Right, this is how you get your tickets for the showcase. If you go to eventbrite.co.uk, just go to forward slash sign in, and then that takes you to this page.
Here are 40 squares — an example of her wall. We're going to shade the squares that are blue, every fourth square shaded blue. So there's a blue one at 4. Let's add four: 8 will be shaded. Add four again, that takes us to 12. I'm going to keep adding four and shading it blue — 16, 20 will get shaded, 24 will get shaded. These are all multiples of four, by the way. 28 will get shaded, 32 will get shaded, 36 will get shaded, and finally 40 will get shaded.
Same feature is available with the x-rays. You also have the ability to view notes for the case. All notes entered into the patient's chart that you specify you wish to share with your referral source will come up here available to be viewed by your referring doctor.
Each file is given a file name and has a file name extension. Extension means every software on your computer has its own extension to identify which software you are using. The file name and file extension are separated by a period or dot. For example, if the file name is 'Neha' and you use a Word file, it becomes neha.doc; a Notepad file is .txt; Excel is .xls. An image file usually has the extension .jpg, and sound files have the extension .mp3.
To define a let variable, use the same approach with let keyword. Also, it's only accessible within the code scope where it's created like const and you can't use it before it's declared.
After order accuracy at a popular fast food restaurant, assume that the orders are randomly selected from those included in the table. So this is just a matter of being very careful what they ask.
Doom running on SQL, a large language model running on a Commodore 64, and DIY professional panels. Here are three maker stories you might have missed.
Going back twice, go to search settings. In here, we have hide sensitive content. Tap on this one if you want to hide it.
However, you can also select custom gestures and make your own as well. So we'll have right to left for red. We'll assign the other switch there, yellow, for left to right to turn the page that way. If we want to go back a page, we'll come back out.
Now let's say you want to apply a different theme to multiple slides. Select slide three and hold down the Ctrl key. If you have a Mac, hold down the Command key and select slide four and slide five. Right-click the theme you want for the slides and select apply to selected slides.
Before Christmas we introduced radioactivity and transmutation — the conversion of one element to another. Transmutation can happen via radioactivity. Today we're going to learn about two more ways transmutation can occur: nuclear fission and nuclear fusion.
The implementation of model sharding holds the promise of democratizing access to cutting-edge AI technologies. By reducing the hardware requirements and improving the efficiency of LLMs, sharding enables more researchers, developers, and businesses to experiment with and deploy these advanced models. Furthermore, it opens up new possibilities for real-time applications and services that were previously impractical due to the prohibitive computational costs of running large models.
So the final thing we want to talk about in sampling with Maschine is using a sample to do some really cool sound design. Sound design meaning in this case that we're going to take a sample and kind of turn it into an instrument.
------------------------------------------------
Directions - Of the lines above, retype only those from the line containing "After order accuracy" through the line containing "Going back twice, go", including both, exactly.

Written reply -
After order accuracy at a popular fast food restaurant, assume that the orders are randomly selected from those included in the table. So this is just a matter of being very careful what they ask.
Doom running on SQL, a large language model running on a Commodore 64, and DIY professional panels. Here are three maker stories you might have missed.
Going back twice, go to search settings. In here, we have hide sensitive content. Tap on this one if you want to hide it.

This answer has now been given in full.